Eighty-one year-old Margaret Minnick McClelland (1788-1875), a fellow church member, is not easily identified as a relative so she may have been a boarder. And 13-year-old Sarah E Stoner---one of Rebecca's nieces?
Rebecca Stoner Rosen (1838-1912), probably early 20th century.
Rebecca lived to be 74.
Their farm Maple Grove was in a community named Raphine, Virginia in Rockbridge County near the Augusta County line. The unusual name had been given to his family home by neighbor James E. A. Gibbs (1829-1902), famous as co-inventor of the Willcox Gibbs machine, a rotary hook chain-stitch sewing machine. Raphine Hall was derived from the Greek ραφις rhaphis, (also raphis and rhapis) which means needle.
Rhapis excelsa a palm with needle-like leaves
The Rosen family at Maple Grove from Virginia Quilts
Granddaughter Margaret Rosen Fulwider Mynes (1920-2012) showed her family quilts
to the Virginia project team. She and the documenters thought the first two might
be from 1870; the one on the right from 1880. Margaret was the daughter of Grace Lola Rosen Fulwider, Rebecca's youngest.

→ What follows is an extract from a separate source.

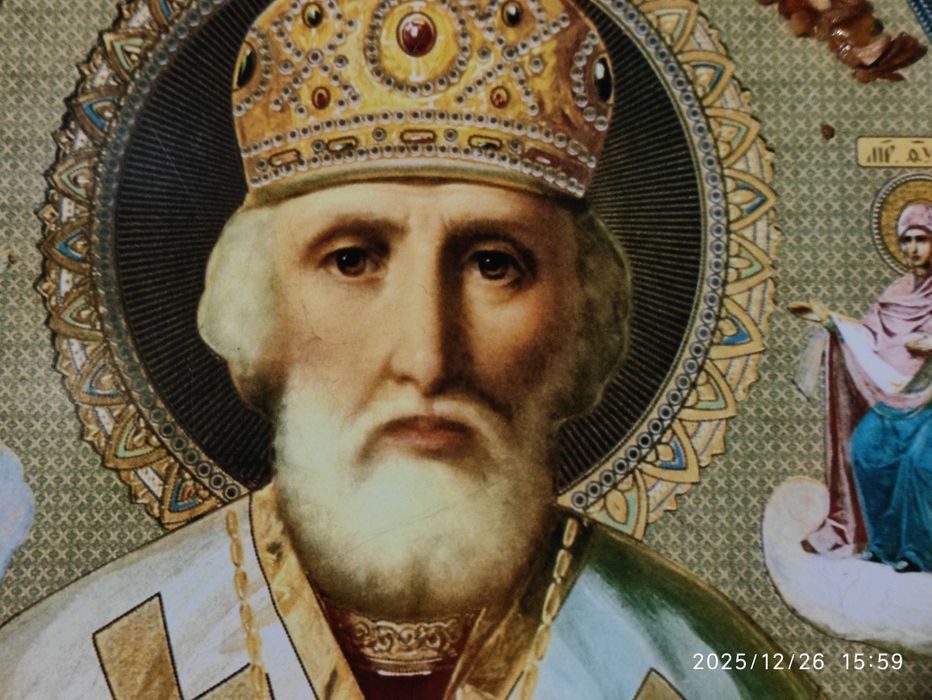 Янтарная Икона Святого Миколая Чудотворця з бурштину! 33  х 23 см.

The triple sash and cornerstone set is typical of Southern quilts made
after 1880, which is likely to be the date of all three. As Rebecca lived until
1912 these 1880-1900 quilts could all of been her work as Margaret thought.
The 1900 census captured them living with daughter Grace Lola who was 24
and a boarder. The numbers to the left of the word Virginia on Rebecca's line indicate they'd been married 44 years; she'd given birth to 7 children and 4 were still living.